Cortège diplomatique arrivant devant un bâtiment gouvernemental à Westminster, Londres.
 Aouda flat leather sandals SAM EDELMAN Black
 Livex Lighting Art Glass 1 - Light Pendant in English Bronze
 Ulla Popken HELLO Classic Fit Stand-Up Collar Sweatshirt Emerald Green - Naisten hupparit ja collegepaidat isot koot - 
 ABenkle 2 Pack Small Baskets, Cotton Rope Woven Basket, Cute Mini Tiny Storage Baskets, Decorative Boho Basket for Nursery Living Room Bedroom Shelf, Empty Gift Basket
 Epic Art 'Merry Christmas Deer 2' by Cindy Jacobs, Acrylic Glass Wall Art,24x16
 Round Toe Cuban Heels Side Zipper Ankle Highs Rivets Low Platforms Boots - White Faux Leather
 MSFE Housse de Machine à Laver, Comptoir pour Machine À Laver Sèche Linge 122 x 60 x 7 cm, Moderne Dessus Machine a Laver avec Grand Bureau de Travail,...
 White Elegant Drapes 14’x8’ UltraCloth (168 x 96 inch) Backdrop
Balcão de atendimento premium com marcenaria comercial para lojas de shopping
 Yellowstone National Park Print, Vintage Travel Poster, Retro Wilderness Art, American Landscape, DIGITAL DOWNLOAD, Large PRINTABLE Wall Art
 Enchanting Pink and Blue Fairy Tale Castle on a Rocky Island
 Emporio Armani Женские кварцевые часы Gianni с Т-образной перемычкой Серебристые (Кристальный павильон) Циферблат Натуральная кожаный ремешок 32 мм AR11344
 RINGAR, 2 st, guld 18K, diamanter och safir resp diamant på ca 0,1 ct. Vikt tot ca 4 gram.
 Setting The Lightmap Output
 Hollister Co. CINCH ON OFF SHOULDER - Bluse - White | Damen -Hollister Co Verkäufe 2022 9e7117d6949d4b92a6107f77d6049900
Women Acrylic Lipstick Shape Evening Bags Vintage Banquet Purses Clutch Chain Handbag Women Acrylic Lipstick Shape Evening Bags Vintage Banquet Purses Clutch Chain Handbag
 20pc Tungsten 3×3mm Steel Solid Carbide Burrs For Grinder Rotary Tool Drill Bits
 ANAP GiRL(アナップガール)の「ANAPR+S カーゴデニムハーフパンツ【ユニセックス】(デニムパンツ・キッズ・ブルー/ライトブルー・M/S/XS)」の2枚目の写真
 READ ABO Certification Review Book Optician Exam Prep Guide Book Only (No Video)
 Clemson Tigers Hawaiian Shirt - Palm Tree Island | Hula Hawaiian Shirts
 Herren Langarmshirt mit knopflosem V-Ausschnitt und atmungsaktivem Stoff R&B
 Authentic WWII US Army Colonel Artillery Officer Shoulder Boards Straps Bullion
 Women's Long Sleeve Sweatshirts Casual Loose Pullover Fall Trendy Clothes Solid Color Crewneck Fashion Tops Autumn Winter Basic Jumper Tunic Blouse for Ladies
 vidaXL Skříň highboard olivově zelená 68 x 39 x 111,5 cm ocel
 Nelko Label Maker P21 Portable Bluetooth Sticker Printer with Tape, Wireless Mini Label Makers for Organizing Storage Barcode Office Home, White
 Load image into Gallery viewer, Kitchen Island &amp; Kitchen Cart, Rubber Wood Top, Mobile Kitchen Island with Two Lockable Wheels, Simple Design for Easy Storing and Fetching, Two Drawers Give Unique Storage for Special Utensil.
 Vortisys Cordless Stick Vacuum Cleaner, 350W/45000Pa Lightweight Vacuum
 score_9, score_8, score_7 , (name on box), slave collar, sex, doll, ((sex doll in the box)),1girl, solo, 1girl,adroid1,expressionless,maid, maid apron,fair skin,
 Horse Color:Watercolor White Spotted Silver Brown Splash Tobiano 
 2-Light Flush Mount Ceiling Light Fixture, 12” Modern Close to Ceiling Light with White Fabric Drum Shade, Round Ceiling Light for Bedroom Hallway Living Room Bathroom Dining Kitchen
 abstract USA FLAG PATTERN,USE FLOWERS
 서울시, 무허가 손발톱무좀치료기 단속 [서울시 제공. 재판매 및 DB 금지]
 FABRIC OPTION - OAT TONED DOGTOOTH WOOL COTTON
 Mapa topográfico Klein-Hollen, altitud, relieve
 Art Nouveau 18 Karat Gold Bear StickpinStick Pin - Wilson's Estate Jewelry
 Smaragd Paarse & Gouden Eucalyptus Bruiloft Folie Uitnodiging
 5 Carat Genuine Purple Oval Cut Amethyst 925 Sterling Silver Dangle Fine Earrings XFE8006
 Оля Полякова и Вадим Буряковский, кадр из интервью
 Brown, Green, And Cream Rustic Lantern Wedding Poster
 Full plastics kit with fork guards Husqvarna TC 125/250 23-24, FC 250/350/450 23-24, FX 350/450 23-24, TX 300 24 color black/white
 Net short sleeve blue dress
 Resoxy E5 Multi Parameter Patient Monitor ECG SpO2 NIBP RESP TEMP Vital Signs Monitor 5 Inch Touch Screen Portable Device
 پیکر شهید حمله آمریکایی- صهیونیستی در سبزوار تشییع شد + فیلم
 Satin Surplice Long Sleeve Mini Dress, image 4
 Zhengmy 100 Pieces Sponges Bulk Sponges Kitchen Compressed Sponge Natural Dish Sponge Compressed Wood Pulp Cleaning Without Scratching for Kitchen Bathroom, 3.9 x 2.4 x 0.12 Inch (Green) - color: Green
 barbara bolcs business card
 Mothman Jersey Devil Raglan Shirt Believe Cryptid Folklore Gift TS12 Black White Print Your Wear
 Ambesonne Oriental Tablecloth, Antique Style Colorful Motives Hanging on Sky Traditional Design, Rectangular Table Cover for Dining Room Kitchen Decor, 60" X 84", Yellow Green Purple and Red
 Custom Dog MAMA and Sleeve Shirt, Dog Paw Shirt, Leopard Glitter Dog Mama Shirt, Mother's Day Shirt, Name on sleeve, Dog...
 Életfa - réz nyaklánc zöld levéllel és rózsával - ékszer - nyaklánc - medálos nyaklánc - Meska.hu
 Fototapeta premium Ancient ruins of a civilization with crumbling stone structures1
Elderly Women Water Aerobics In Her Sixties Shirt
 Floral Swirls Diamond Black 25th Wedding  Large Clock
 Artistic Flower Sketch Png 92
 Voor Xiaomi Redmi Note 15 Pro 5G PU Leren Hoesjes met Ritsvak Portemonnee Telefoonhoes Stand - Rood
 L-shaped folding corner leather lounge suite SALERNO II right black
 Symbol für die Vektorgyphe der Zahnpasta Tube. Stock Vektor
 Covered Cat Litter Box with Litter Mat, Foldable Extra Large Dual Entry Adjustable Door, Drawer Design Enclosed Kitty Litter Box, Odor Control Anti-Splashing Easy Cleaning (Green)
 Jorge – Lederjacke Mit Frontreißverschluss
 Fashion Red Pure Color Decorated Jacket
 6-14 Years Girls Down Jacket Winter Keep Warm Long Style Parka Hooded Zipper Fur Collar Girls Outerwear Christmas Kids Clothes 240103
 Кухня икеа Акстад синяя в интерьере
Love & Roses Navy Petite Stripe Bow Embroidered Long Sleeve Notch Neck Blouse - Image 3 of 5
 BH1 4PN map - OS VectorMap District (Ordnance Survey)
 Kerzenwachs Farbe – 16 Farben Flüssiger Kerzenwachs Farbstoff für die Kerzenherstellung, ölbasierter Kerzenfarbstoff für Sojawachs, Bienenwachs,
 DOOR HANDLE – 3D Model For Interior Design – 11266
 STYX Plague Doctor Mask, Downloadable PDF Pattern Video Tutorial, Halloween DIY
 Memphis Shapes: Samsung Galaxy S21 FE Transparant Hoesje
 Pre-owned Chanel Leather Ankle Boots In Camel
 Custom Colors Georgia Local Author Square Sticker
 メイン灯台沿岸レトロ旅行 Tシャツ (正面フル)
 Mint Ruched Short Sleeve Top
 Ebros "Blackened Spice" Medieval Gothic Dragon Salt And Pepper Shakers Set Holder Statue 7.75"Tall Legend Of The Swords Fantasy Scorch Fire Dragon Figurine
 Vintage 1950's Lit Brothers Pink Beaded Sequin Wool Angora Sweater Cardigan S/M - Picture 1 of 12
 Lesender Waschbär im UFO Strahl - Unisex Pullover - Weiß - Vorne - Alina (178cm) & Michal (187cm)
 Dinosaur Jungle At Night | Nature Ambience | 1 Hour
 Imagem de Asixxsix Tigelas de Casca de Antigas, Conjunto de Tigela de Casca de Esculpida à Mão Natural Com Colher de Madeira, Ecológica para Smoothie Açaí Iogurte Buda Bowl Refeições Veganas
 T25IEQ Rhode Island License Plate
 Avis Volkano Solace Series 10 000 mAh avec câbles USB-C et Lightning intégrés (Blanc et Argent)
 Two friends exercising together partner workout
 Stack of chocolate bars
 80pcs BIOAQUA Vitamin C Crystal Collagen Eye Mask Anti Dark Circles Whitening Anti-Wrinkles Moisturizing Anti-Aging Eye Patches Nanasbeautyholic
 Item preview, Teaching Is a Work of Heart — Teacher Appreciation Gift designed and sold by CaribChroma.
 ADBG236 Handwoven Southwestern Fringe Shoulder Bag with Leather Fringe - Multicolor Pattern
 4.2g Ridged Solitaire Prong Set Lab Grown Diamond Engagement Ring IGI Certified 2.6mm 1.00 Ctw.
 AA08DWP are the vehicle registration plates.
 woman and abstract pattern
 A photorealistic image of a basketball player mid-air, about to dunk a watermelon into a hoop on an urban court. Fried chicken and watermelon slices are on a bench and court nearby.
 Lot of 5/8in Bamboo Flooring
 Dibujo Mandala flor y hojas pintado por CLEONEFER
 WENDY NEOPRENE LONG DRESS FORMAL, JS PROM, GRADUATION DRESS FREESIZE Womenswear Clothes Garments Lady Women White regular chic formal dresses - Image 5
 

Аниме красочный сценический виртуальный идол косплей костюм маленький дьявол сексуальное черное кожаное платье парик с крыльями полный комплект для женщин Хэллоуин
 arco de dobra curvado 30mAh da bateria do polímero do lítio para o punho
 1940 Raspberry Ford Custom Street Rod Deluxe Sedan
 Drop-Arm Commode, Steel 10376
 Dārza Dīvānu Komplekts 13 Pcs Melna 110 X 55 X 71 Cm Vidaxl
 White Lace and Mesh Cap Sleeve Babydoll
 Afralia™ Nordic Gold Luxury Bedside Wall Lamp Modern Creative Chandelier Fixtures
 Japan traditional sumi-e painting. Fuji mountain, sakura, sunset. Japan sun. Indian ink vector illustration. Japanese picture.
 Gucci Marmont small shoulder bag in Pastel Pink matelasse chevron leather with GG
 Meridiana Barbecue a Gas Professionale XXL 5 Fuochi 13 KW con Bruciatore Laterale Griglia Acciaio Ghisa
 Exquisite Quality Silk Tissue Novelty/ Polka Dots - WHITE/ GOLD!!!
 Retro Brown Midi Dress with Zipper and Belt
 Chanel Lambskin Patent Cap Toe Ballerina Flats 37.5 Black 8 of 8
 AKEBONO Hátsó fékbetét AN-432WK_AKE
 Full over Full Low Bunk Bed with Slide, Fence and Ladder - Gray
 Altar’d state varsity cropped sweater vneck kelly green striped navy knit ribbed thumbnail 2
######
● Task statement
Set down exactly the lines from the start of the records to the line with "Ulla Popken HELLO". Include that line, and add nothing more.

● Solution to the problem
Cortège diplomatique arrivant devant un bâtiment gouvernemental à Westminster, Londres.
 Aouda flat leather sandals SAM EDELMAN Black
 Livex Lighting Art Glass 1 - Light Pendant in English Bronze
 Ulla Popken HELLO Classic Fit Stand-Up Collar Sweatshirt Emerald Green - Naisten hupparit ja collegepaidat isot koot - 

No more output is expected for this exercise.